Analysis indicates blood cancer drugs are overpriced
July 09, 2015
Medically Reviewed | Last reviewed by an MD Anderson Cancer Center medical professional on July 09, 2015
The costs associated with cancer drug prices have risen dramatically over the past fifteen years, which concerns many top oncologists. In a new analysis, researchers at MD Anderson Cancer Center concluded the majority of existing treatments for hematologic, or blood, cancers are currently priced too high to be considered cost-effective in the United States. Their findings were published in the journal Cancer.
There have been substantial improvements in survival and quality of life after treatment for hematologic cancers in recent years, but drug costs have also skyrocketed. High prices have placed a significant financial burden on patients facing these diseases, especially in light of falling household income levels. In fact, up to 20% of patients may forgo treatment or significantly compromise their treatment plan because of high drug costs, according to a 2014 study.
A 2015 report suggesting that hematologic cancer drugs provide good value for money raised concerns for MD Anderson researchers Jagpreet Chhatwal, Ph.D., study lead and assistant professor of Health Services Research, and Hagop Kantarjian, M.D., senior author and chair of Leukemia.
The prior study calculated cost-effectiveness for these drugs based on 29 studies of 9 treatments for hematologic cancers, including chronic myeloid leukemia, chronic lymphocytic leukemia, non-Hodgkin’s lymphoma and multiple myeloma. The results indicate that these drugs provided reasonable value for the money in the U.S.
However, those cost-effectiveness calculations were performed using drug prices at the time of the original studies, and often included prices from countries outside of the U.S., the researchers explain. Therefore, Chhatwal and Kantarjian performed a critical re-analysis of the prior study using current drug prices in U.S. dollars.
“We found that, in a majority of the studies, the incremental cost-effectiveness ratios (ICERs) were substantially higher than the previously reported values,” says Chhatwal. “This led us to the conclusion that current prices are too high to say that the drugs provide a good value for the money.”
Cost-effectiveness is commonly interpreted in terms of the cost needed to gain an additional quality year of life. A threshold value of $50,000 is widely accepted, below which the treatment can be considered cost-effective.
The researchers were able to re-analyze 20 of the 29 studies with updated drug prices in the current U.S. market. Upon doing this, they found that 63% of those studies had costs per additional life-year higher than the $50,000 threshold. Several studies resulted in costs of $210,000 to $426,000 per additional year of life, many times higher than conventionally accepted levels.

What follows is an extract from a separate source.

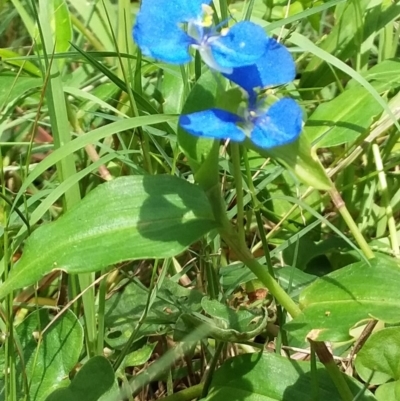 Commelina cyanea (Scurvy Weed) at Bawley Point Bushcare - 30 Jan 2019 by GLemann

This indicates that, although the drugs may have been cost-effective originally, their current prices cannot be justified based upon improved quality of life.
One of the drugs evaluated, imatinib, was priced at $26,000 per year of therapy in 2001 and $132,000 per year in 2014. The price increase in imatinib and other drugs evaluated is not the result of new and improved versions, but instead is simply the result of rising prices charged by drug companies, explains Chhatwal.
This is not the case only for hematologic cancer drugs, but is evident across the spectrum of new cancer therapies. In fact, rising drug prices were recently the target of much criticism at the 2015 American Society of Clinical Oncology Annual Meeting in Chicago.
Perhaps more disturbing are the long-term implications of rising prices, explains Chhatwal. Many of these drugs are meant to be taken daily for years to manage cancer. Current drug prices could cause extremely large financial burdens, even for the well insured.